The entries below contain a line with "Light Blue Drawstring Swim Shorts" and a line with "Size: 664x664 |". Retype exactly everything from the first down to the second, both included, and nothing else.

Records for this exercise:
....

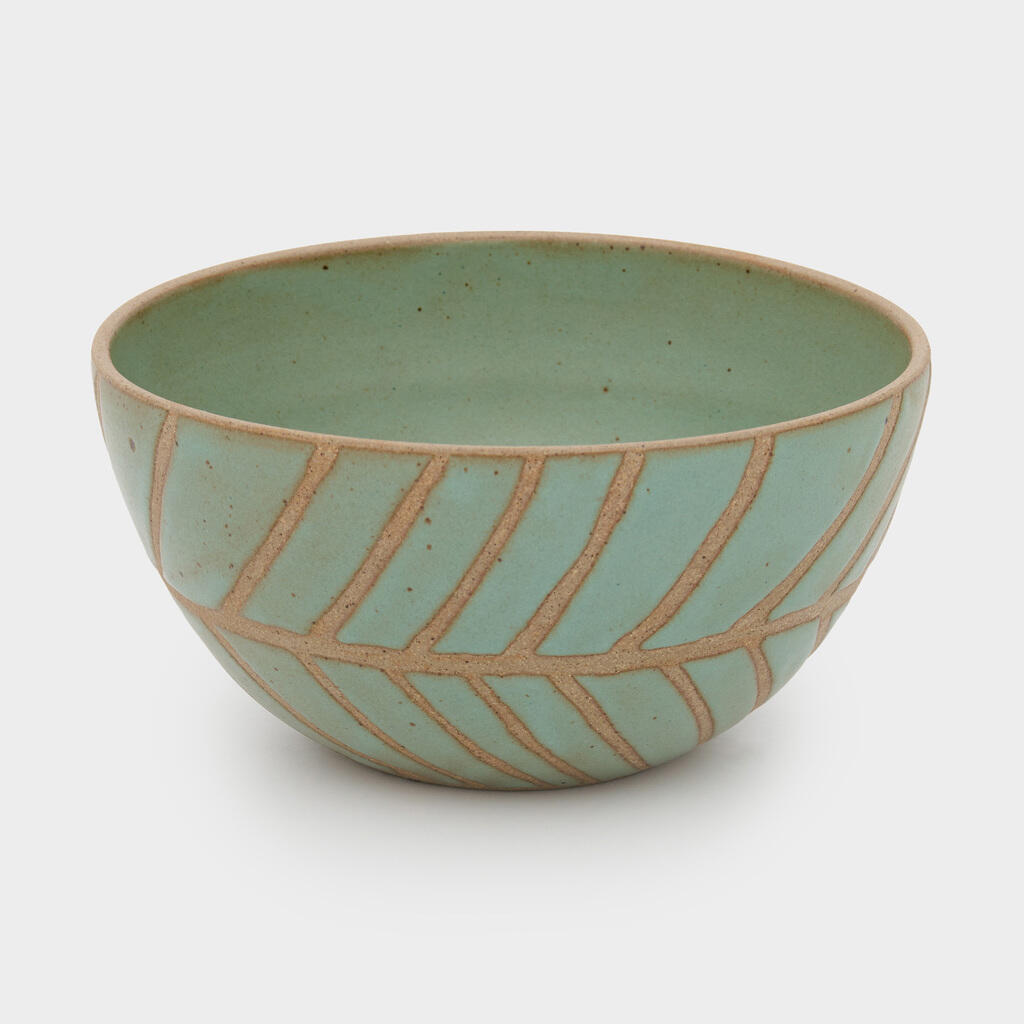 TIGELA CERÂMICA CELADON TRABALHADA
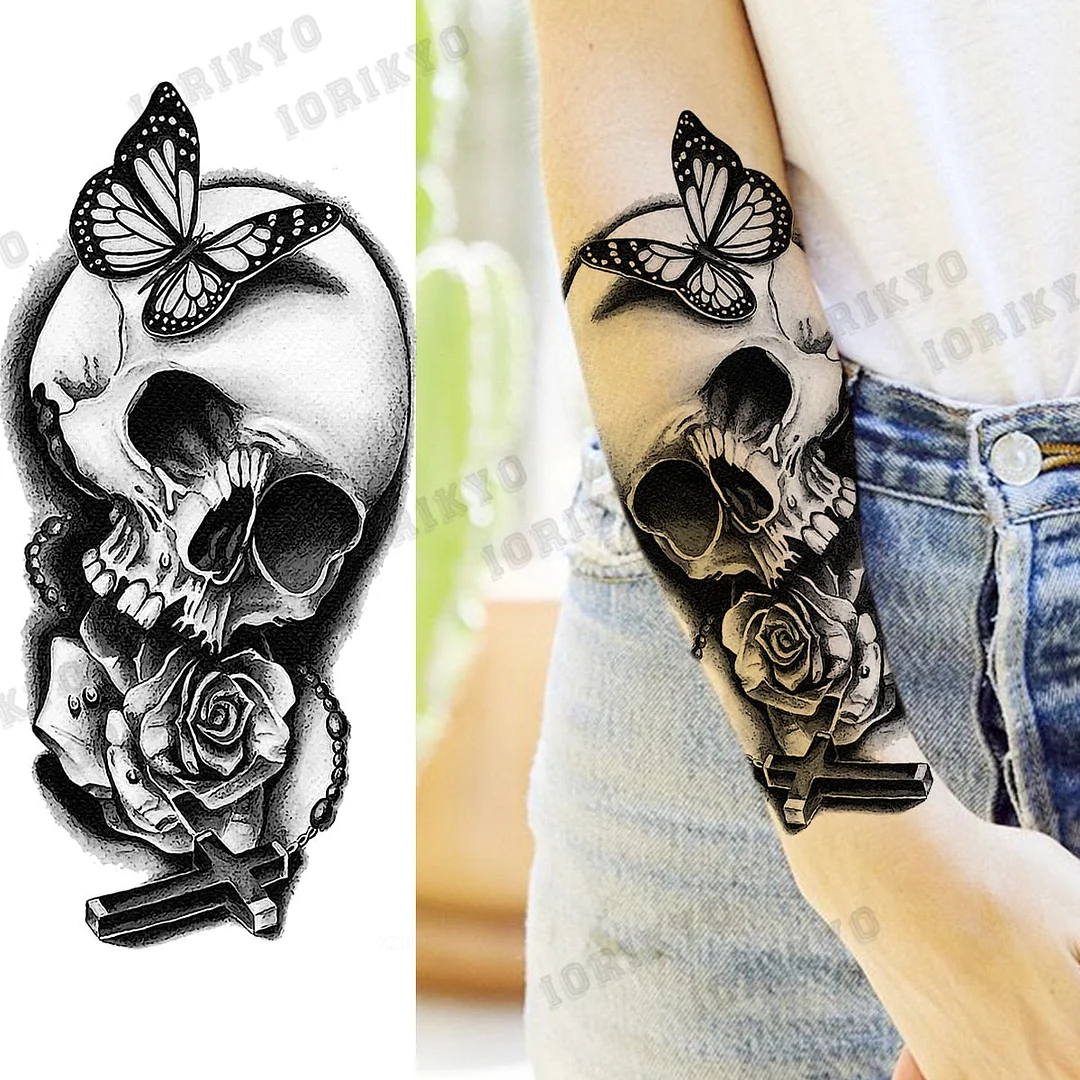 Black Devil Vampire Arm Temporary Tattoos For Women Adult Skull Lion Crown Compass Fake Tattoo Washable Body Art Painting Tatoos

....

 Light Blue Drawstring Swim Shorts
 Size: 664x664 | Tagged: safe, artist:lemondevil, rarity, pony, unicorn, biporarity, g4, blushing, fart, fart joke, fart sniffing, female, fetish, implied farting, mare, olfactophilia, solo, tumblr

....

Result below:
 Light Blue Drawstring Swim Shorts
 Size: 664x664 | Tagged: safe, artist:lemondevil, rarity, pony, unicorn, biporarity, g4, blushing, fart, fart joke, fart sniffing, female, fetish, implied farting, mare, olfactophilia, solo, tumblr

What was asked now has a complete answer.